The U.S. Department of Agriculture’s latest crop update shows the dry weather is starting to take its toll on the availability of a vital resource for Iowa’s corn and soybean crop. The top soil moisture is evaporating — with adequate moisture down six-percentage points in the past week.
The report shows only about one third of Iowa fields now having adequate to surplus moisture. Lurlin Hoelscher farms 2,500 acres in Franklin, Hamilton and Hardin counties. “It’s starting in some areas to burn a little bit. I think a rain would help us out, especially on our late planting, but it’s going to have to come pretty quick,” Heolscher says.

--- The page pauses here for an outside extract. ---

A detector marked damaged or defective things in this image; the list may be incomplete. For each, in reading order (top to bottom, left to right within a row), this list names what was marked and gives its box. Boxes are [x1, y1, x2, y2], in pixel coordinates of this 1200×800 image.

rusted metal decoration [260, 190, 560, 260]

Wet weather was the problem at the start of the planting season and that created another issue. “Our problem is we went in and replanted some of our corn, and we didn’t tear in up, we drove in between what was standing there so that we didn’t tear out the good corn. I’m talking we did some hundred and some acres of that,” Hoelscher says.

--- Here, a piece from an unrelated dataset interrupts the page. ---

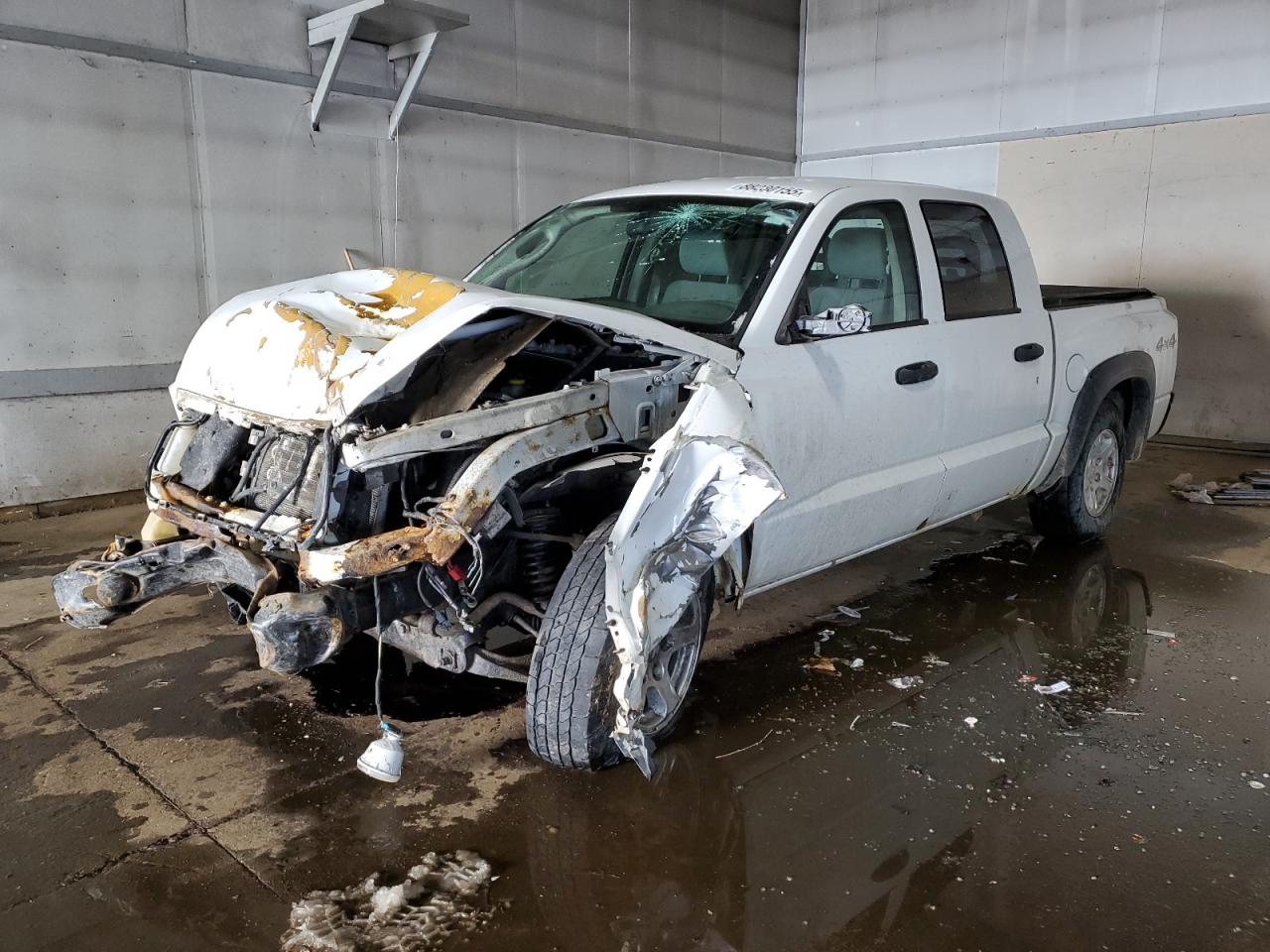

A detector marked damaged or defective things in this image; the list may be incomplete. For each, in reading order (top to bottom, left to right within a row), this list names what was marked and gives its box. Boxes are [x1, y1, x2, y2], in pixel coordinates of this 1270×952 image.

crumpled hood [174, 270, 738, 430]
wrecked white pickup truck [55, 177, 1175, 774]
crushed fender [603, 363, 786, 774]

“It’s coming along, but we’re going to have a real mess this fall because we’re going to have 30-percent corn and 20-percent corn in the same rows.” The percentage he is talking about is the moisture in the corn.
The higher moisture corn means more work to get it down to the same moisture of the other corn. “So, there’s going to be a 10 spread (in the moisture) in the harvest, and we’re going to have to handle that with the dryers,” Hoelscher says.
Drying the corn adds an extra cost for the gas used in the process.